Sam Hopper

Personal information
- Born: 7 August 1998 (age 28) England

Sport
- Sport: Field hockey
- Position: Defender

Senior career
- Years: Team / Caps / Goals
- 2017–2020: Exeter Univ / - / -
- 2020–2021: Holcombe / - / -
- 2021–2026: Wimbledon / - / -

National team
- Years: Team / Caps / Goals
- 2024–2025: England / 14 / (5)

= Sam Hooper =

English field hockey player (born 1998)

Samuel Hooper (born 7 August 1998) is an English field hockey player who plays as a defender for the England men's national field hockey team.

== Biography ==
Hooper was educated at Millfield and studied Finance and Investment at the University of Exeter.

Hooper began playing club hockey at Reading Hockey Club and then played for the University of Exeter Hockey Club in the Men's England Hockey League while at university.
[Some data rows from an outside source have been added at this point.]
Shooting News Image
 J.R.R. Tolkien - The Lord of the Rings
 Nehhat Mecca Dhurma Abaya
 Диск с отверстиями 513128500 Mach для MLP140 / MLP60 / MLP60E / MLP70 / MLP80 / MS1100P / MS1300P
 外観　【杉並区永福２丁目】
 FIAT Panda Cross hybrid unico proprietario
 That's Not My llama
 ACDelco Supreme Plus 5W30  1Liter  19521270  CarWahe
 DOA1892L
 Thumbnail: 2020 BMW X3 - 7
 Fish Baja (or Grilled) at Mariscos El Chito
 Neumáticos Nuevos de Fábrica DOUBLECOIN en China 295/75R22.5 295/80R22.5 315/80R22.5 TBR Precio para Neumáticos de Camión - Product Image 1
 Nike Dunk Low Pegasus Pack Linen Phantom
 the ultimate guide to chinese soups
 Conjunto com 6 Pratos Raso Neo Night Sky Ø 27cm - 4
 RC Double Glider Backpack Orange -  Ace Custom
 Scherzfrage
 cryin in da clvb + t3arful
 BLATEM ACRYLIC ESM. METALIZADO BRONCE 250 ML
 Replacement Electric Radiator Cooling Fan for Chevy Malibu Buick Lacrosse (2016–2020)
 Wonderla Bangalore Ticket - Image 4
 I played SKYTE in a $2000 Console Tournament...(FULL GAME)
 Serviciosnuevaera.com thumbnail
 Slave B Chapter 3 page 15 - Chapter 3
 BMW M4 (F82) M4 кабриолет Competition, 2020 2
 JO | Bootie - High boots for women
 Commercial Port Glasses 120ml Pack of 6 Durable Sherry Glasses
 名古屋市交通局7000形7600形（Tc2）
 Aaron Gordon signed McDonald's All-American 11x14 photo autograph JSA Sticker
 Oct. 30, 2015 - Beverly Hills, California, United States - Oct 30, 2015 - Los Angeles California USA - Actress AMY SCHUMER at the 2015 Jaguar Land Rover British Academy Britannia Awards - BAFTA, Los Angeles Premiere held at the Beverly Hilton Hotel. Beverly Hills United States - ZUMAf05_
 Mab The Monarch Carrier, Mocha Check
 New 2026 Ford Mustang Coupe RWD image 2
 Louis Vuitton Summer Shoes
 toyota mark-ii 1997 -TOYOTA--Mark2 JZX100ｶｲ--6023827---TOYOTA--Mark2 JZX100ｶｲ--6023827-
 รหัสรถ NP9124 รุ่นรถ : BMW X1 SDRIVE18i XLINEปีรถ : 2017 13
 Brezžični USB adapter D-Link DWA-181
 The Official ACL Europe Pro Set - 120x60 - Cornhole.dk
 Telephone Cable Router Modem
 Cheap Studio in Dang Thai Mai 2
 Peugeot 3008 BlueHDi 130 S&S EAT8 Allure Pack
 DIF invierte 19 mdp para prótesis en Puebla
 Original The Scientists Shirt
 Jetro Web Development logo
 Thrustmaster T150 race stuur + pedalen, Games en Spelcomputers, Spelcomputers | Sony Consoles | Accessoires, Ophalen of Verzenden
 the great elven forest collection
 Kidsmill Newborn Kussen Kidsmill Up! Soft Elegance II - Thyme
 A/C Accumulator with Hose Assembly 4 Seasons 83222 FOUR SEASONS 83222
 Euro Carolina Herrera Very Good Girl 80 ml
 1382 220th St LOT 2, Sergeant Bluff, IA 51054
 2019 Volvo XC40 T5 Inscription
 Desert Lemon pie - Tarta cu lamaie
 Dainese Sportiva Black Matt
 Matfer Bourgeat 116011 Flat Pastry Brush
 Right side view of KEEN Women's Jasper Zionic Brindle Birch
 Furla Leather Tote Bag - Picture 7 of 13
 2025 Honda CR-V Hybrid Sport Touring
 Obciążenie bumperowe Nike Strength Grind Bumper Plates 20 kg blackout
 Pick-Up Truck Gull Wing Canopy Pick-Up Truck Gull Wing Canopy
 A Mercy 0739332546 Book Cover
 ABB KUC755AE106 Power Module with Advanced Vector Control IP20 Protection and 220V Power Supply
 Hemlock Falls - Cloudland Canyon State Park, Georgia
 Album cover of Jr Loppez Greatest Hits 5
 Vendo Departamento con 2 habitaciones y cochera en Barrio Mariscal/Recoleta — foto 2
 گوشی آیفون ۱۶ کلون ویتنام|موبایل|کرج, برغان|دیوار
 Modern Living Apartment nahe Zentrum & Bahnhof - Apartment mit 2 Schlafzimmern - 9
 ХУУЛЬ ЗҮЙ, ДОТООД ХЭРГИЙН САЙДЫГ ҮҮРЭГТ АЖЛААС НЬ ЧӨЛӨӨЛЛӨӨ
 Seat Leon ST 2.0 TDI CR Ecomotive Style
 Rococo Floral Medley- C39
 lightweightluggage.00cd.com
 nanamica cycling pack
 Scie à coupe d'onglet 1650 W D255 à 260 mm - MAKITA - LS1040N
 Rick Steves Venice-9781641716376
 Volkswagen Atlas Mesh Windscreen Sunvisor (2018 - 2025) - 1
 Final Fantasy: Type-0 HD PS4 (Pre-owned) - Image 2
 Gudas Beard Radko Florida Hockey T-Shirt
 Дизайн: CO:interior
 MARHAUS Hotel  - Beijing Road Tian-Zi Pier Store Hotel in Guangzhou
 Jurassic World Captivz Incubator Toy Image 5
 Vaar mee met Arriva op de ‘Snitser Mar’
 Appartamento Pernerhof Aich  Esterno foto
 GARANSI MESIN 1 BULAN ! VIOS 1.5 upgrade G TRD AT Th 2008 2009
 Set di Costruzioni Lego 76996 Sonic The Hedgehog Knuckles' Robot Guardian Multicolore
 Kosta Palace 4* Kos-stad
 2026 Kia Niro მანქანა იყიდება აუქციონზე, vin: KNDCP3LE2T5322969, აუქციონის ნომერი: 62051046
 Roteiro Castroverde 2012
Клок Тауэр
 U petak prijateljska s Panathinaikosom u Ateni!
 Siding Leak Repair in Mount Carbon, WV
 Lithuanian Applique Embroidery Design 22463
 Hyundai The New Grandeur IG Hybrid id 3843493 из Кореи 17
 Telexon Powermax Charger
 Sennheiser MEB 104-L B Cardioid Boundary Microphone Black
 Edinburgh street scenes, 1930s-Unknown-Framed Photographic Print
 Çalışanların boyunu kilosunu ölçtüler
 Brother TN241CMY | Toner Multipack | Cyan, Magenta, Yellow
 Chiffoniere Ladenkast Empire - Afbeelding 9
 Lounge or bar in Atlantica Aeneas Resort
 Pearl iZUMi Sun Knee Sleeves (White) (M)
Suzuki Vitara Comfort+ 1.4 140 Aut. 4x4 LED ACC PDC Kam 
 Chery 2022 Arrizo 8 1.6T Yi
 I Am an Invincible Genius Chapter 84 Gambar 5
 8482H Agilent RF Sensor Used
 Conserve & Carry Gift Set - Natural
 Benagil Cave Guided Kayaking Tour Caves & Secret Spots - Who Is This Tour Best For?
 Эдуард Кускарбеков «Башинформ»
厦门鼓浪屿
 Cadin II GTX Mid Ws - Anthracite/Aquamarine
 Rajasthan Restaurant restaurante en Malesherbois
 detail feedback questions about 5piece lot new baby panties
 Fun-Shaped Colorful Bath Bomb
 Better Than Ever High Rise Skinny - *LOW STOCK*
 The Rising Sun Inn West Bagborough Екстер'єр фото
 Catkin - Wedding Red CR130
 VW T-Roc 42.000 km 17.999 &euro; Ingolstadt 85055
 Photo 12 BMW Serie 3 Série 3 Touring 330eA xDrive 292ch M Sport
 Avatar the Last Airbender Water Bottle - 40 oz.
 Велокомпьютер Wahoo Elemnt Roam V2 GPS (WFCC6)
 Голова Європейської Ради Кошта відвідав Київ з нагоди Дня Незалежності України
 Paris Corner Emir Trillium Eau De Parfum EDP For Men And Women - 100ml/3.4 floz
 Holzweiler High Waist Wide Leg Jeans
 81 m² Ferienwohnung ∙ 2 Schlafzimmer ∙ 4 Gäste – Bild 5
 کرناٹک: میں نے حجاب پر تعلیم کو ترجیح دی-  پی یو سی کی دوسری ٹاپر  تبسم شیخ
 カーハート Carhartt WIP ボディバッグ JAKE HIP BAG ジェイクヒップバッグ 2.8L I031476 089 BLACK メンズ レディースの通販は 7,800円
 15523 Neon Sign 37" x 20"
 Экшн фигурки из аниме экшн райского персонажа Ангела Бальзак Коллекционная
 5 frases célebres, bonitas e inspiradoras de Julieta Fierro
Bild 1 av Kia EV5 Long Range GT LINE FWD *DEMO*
After progressing through the England U21 team from 2017 to 2019 and the Great Britain U21 in 2019 and after university, Hooper signed for Holcombe Hockey Club.

Hooper joined Wimbledon Hockey Club for the start of the 2021–22 season and made his full senior England debut on the 10 December 2024, in the Men's FIH Pro League against Argentina.

In 2025, he was added to Great Britain's centralised programme and was part of the England team that was selected for the 2025 Men's EuroHockey Championship in Mönchengladbach, where England finished in sixth place.

In 2025, Hooper was working as a senior analyst at Brown & Brown.